Only the lines below between the one holding "French Market News" and the one holding "autumn maple leaves isolated on a white", inclusive, are to be reproduced word for word; the pictures are to be left out.

• **Data for analysis**:
=====
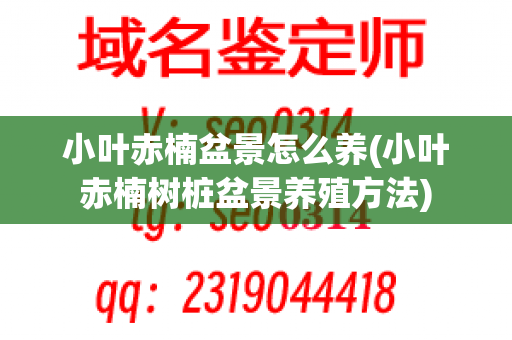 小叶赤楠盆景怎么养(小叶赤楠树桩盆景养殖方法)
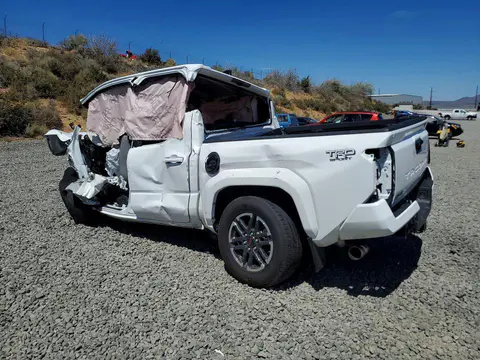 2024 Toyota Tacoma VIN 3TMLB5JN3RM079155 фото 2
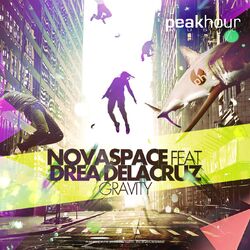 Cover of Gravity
=====
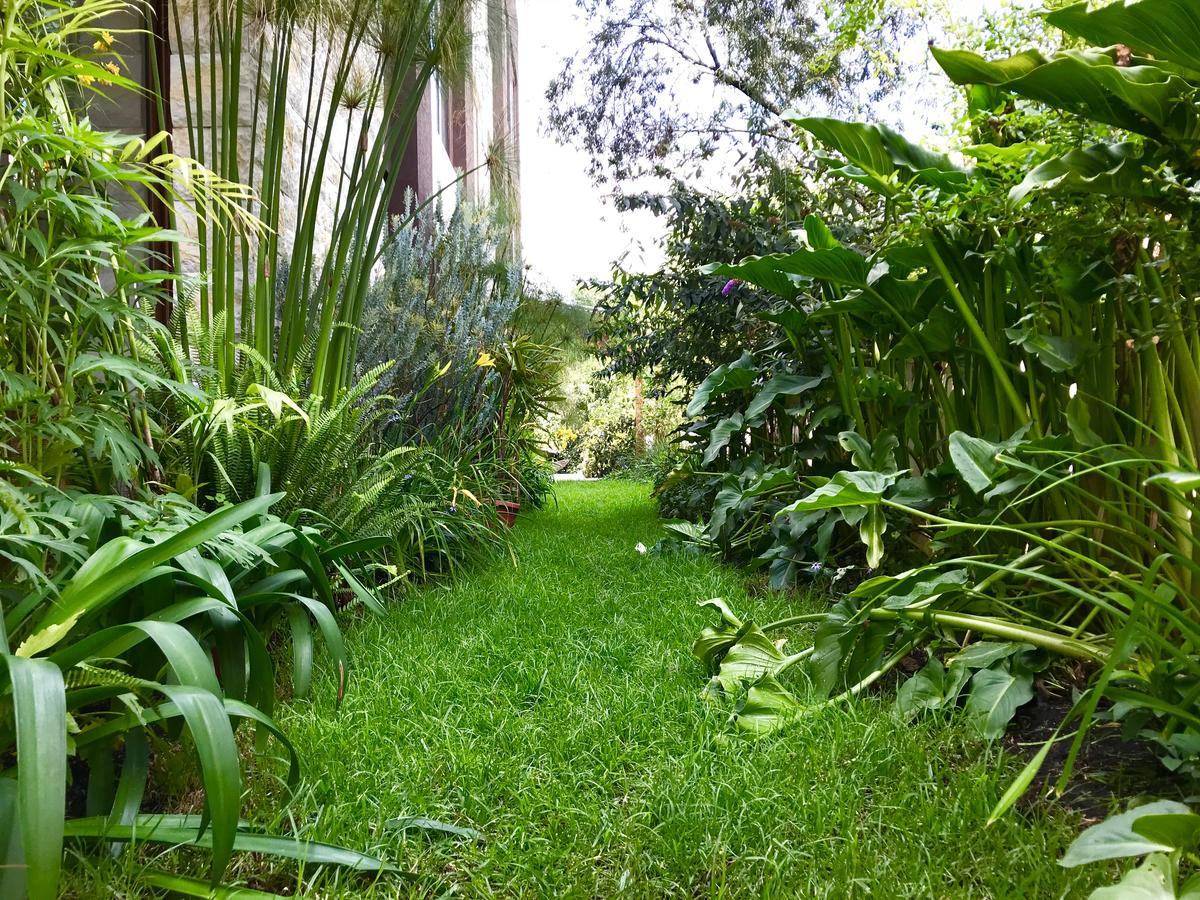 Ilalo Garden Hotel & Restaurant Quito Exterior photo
=====
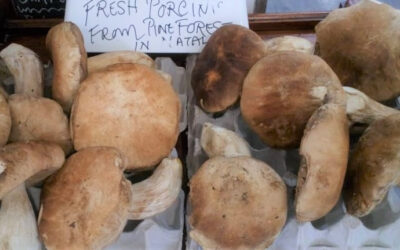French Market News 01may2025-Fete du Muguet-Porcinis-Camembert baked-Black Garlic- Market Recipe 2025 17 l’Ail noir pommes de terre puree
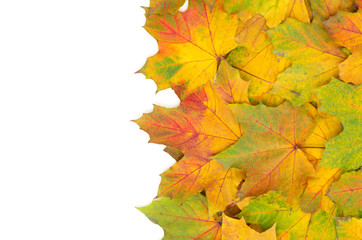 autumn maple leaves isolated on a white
=====
• **Result of the exercise**:
French Market News 01may2025-Fete du Muguet-Porcinis-Camembert baked-Black Garlic- Market Recipe 2025 17 l’Ail noir pommes de terre puree
 autumn maple leaves isolated on a white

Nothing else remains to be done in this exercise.